Streiken „bis zum bitteren Ende“ ist die Devise, wobei das Bittere die Angst ist, die schon jetzt über allen schwebt. „Die Angst, den Arbeitsplatz zu verlieren, haben wir ja alle“, sagt Waldemar, der sich totlachen kann, wenn er seine Herkunft erklärt. Waldemar – weil's im Wald geschah. Darauf noch ein Bier oder zwei. Und aus dem Kassettenrecorder scheppert Jennifer Rush. Die Frauen sehnen den Moment herbei, wenn der Ehemann vorbeifährt und sie nach Hause bringt. Manchmal ist es still, und alle gucken mit einem seltsam entrückten Blick auf die Pfützen draußen.
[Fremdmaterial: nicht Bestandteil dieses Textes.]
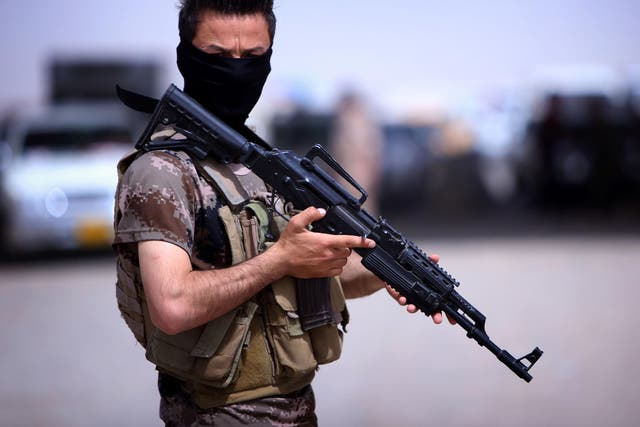 A masked Pershmerga fighter from Iraq's autonomous Kurdish region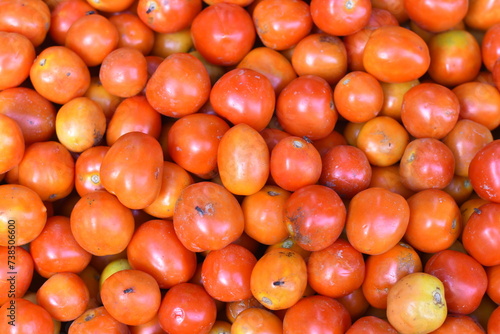 Delicious red tomatoes. Summer farm market trays farm full of organic vegetables It can be used as a background. (Selective focus)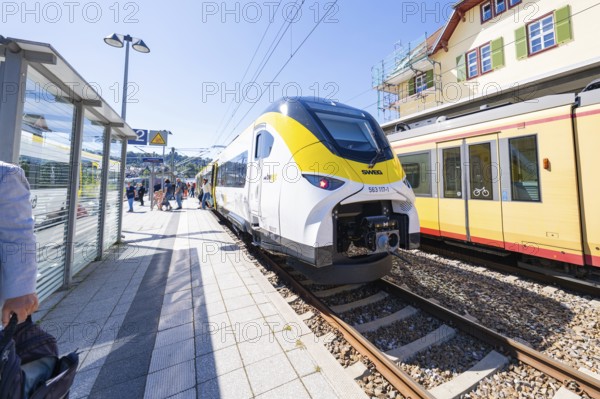 Modern yellow and white train at the station with green and red building in the background, battery Electric train with green electricity, Siemens Mireo Plus B, Freudenstadt, Germany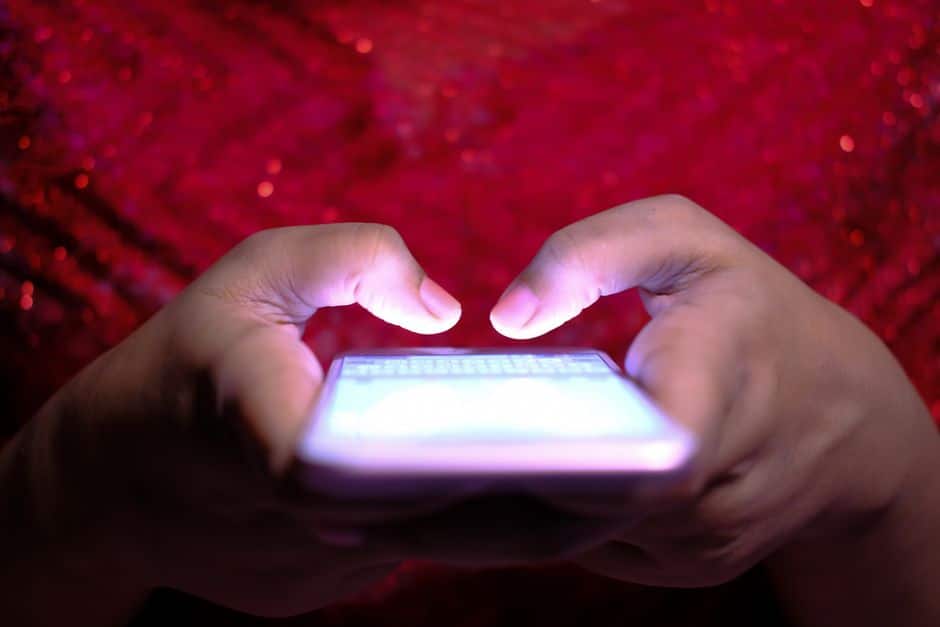 Close-up van handen die een cryptoadres intypen op een smartphone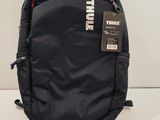 a black backpack that has a tag on it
Eine „primitive Veranstaltung“ nennt eine Verwaltungsangstellte die Wegelagerer vor den Werkstoren. Primitiv „ist das ganze Drumherum“. Sie trifft auch morgens vor der Bäckerei die Streikbrecherinnen, und am Mittag „schleichen wir uns raus wie Diebe“.

So viel Demut vorm Kollegenfeind hat Annegret Riedel* am Fließband nicht. Mit zwei kalten Händen füllt sie Plastikbecher mit Nougatkugeln, die am Fließband an ihr vorbeiziehen und unterstreicht die Bedeutung dieses Tuns noch mal verbal: „Ich nehme meine Zukunft in die Hand.“ Riedel kann es nicht fassen, daß ihre Kolleginnen „wie fremdbestimmt“ der NGG folgten und durch den Streik alle Arbeitsplätze aufs Spiel setzen. Sie möchte in ihrem Leben „noch mal was anderes“ machen, ein Häuschen kaufen zum Beispiel. Wie, will sie wissen, soll das denn gehen ohne Arbeit.

Annegret Riedel fragt sich allerdings auch nicht, wie sie ein Haus kaufen kann mit einem Nettoverdienst von 1.250 Mark.